Preliminary Results on A novel Machine learning technique to Parametrize EneRgetic Electron maps (AMPERE)

The Earth’s outer belt is populated by energetic electrons (tens of keV to multi-MeV), which can be trapped by the magnetic field or precipitate into the atmosphere (energetic electron precipitation, EEP), depositing energy at altitudes of a few tens to a few hundred km. These electrons shape the near-Earth radiation environment and influence atmospheric energy input. However, global electron flux maps are limited by sparse continuous observations at LEO and MEO.
We leverage observations by the long-term NOAA POES and EUMETSAT MetOp LEO constellation to develop a machine learning model that nowcasts (and potentially forecasts) energetic electron conditions in LEO, including trapped and precipitating populations. The model is driven by geomagnetic indices such as AL and Sym-H, applied regionally to capture the local-time-dependent characteristics of electron dynamics.

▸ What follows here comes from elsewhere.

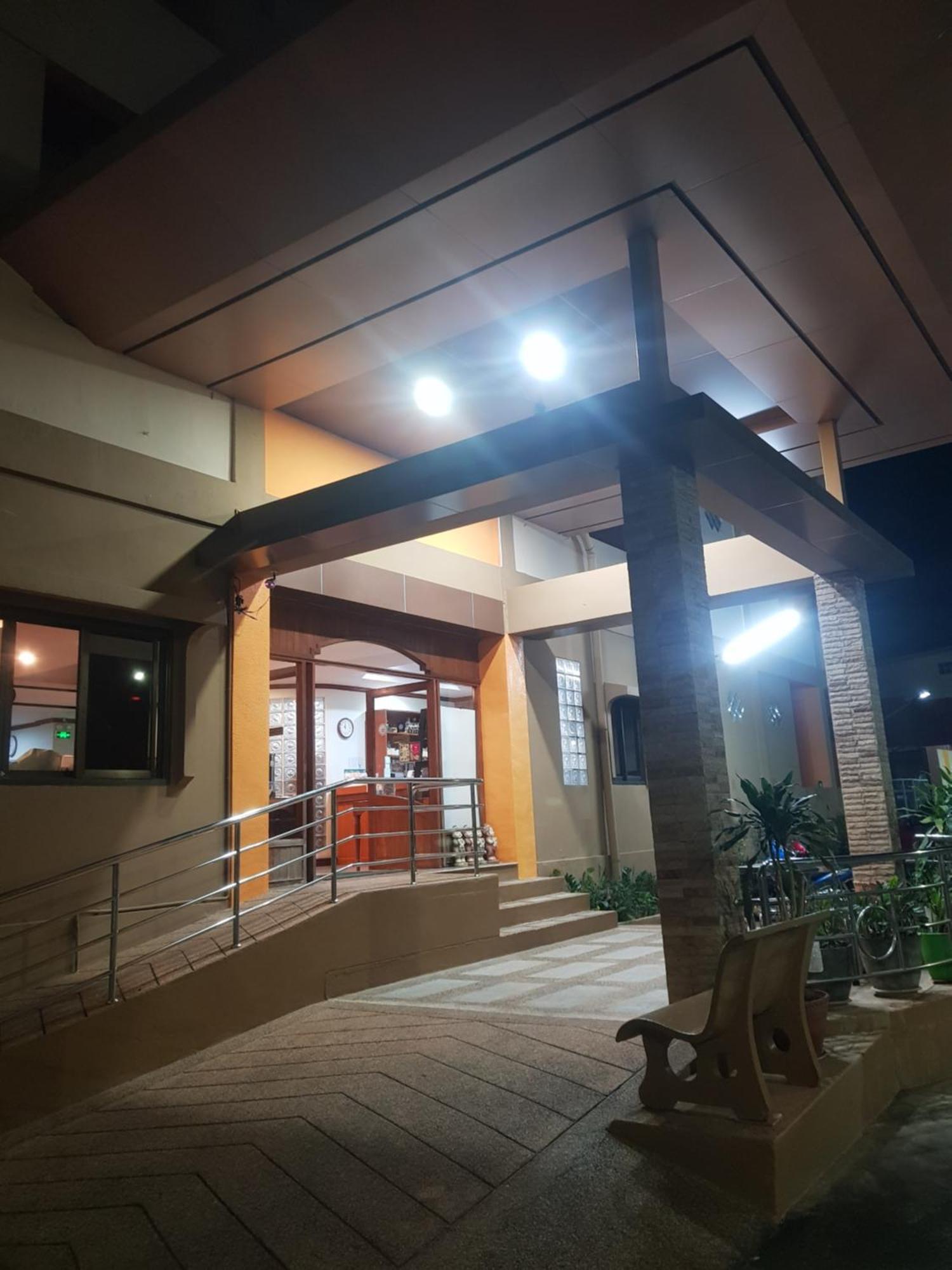 Sp Residence Nakhon Phanom Buitenkant foto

We demonstrate preliminary results that our model reproduces expected precipitation and trapped flux patterns under both quiet and active geomagnetic conditions.
These electron maps enhance space weather monitoring, aiding in the assessment of energy input into the atmosphere. Radiation belt electrons can induce adverse effects on satellites, including charging, electronic degradation, and increased instrument noise. Monitoring trapped electrons helps identify high-flux regions that may impact satellite performance. Additionally, precipitating electrons influence atmospheric chemistry (e.g., ozone depletion) and ionospheric conductance, which affects communication systems. Our model serves as a pilot study for electron dynamics in LEO, paving the way for applications in proton modeling and coupling electron/proton precipitation with atmospheric and ionospheric effects.